WASHINGTON — Prosecutors want alleged Capitol rioter Douglas Jensen sent back to jail, accusing him in a new filing Thursday night of committing “egregious” violations of his pretrial release conditions not only by repeatedly accessing the internet, but also by doing so specifically to watch election fraud conspiracy theory videos.
Jensen had been in jail for months following his arrest in January in connection with the Jan. 6 insurrection. He’s accused of leading a mob of rioters who chased US Capitol Police Officer Eugene Goodman through the Capitol, and of carrying a knife in his pocket at the time. In July, however, a judge agreed to release him over the government’s objection, imposing a strict set of conditions that Jensen had to follow if he wanted to go home.
Those conditions included a prohibition on using devices with internet access, including cell phones. But according to the government, 30 days after he was released from jail, a court officer assigned to check on him arrived at his house and found Jensen in his garage listening to news on a WiFi-connected iPhone through the video platform Rumble. The government didn’t say what exactly Jensen was listening to, but included a link to a Washington Post article that described how the site was popular among conservatives.
More than that, though, the government described how Jensen also eventually admitted to the pretrial services officer that he’d spent two days watching a “cyber symposium” hosted by MyPillow CEO Mike Lindell, one of the most prominent and prolific proponents of the election fraud conspiracy theories and lies that fueled the Jan. 6 riots.
Jensen was a self-described follower of the QAnon collective delusion, a fact that the government focused on in arguing to keep him behind bars. His lawyer had countered that Jensen realized the error of his ways after six months in jail, writing in June that “he feels deceived, recognizing that he bought into a pack of lies.”

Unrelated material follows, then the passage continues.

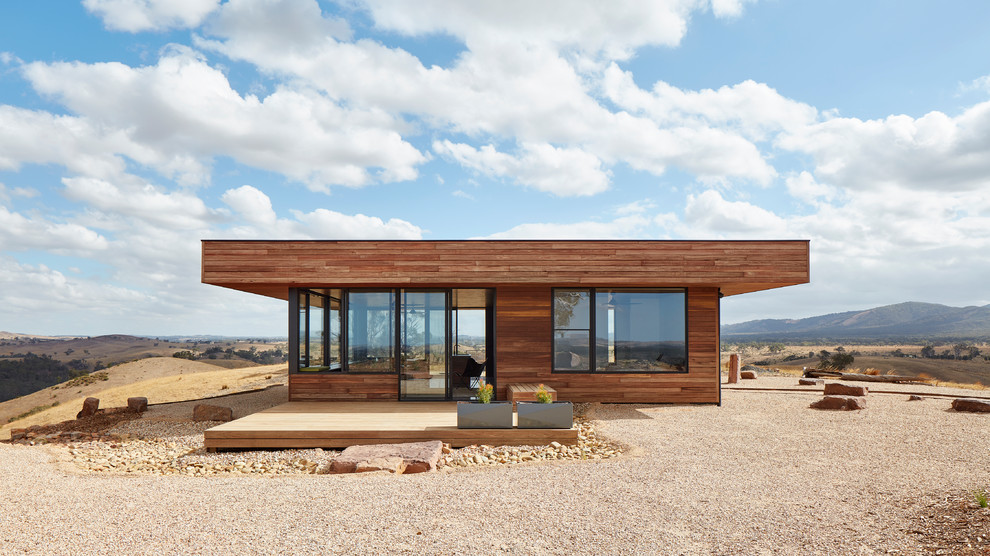 Cette image montre une petite façade de maison minimaliste en bois de plain-pied.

The government said that the violation of his release conditions so soon after he’d left jail was proof that those earlier representations to the court were bogus, and that Jensen couldn’t be trusted to comply with court orders going forward.

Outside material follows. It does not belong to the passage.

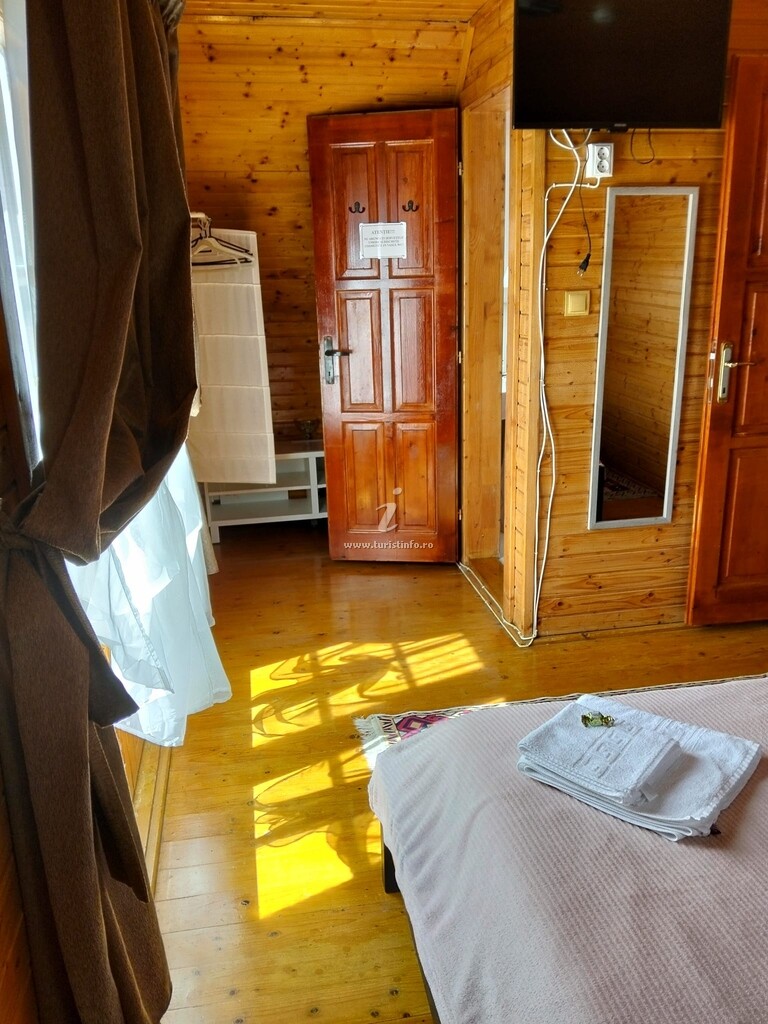 Cabana Wood House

“But Jensen’s swift violation confirms what the Government and this Court suspected all along: that Jensen’s alleged disavowal of QAnon was just an act; that his alleged epiphany inside the D.C. Jail was merely self-advocacy; and that, at the end of the day, Jensen will not abandon the misguided theories and beliefs that led him to menacingly chase U.S. Capitol Police Officer Eugene Goodman up the Senate staircase on January 6, 2021,” Assistant US Attorney Hava Mirell wrote.
The fact that Jensen was watching Lindell’s symposium, which focused on promoting and bolstering voter fraud falsehoods and conspiracies, made the violations especially “egregious” in the government’s eyes.
“He has proven that not even six months in jail will deter him from returning to the conspiracy theories that led him to commit an assault against a federal officer on January 6, 2021. Contrary to what Jensen claimed at his bond hearing, he is still very much bought into QAnon’s ‘pack of lies,’” Mirell wrote.
The final problem for Jensen, the government said, is that his wife had agreed to serve as his third-party custodian and make sure he was following the rules. Not only did Jensen have access to an internet-connected device, the prosecutor wrote, but he also told the pretrial services officer that his wife had left the news on for him when she went to work the day that his pretrial services officer found him in the garage — proof that she was an “unsuitable and untrustworthy custodian.” Absent an alternative, there was simply no one the court could trust to supervise him, Mirell wrote.